The DPG section Particle Physics was founded as early as in 1951 and has presently over 2500 members.
Particle physics studies the elementary constituents of matter and the fundamental forces acting between them. The present knowledge in this field is - today in a conceptually satisfactory form - described by the so-called standard model (SM) of particle physics. With this, a largely consistent theory of the fundamental contituents and interactions in nature has been developped - let alone gravitation.
The invention of this theory from experimental results and theoretical concepts is one of the major epistemological steps of the 20th century. Although many aspects of the SM have been checked and confirmed by experiment, essential points are still missing. Moreover, we are now convinced that the standard model is far from being complete. It is an important step to a deeper and more correct description of nature.
Particle physics deals with a multitude of theoretical as well as experimental questions.
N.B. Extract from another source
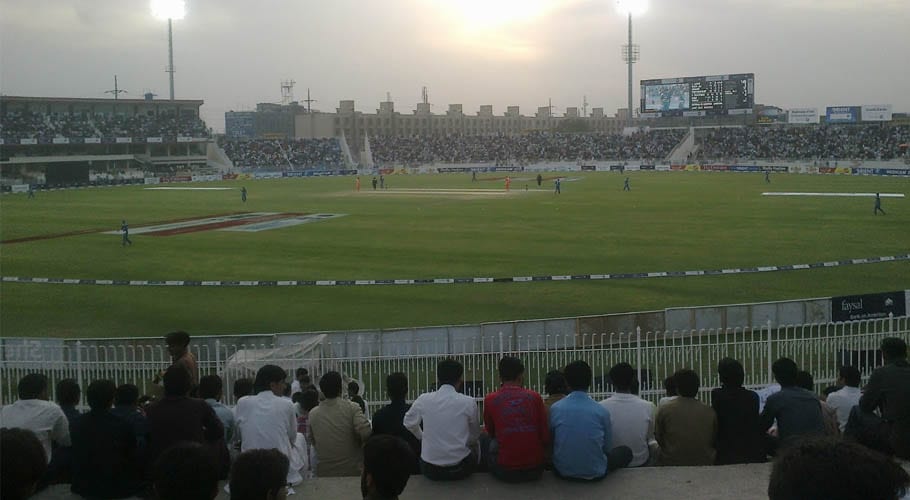 اسلام آباد یونائیٹیڈ کا پشاور زلمی اور کوئٹہ گلیڈی ایٹرز کا لاہور قلندرز سے مقابلہ آج ہوگا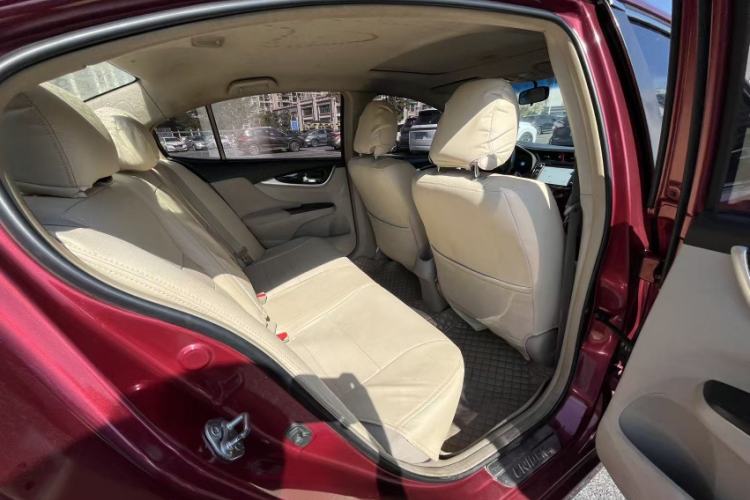 Used Honda Crider 2013 1.8L automatic luxury edition Interior 5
Included are e.g. the question of neutrino masses and -mixing, the measurement of all quark mixing parameters, CP-violation in the heavy quark domain, the search for the Higgs particle and more generally the mechanism of particle mass generation, the search for higher symmetries (especially supersymmetry), quantum gravitation and many more.
The aim of particle physics is the understanding of the smallest structures of the world. In pursuing this aim, particle physics has become simultaneously an important foundation for the theoretical understanding of the formation and development of the universe. Particle physics is a prototype of a fundamental science.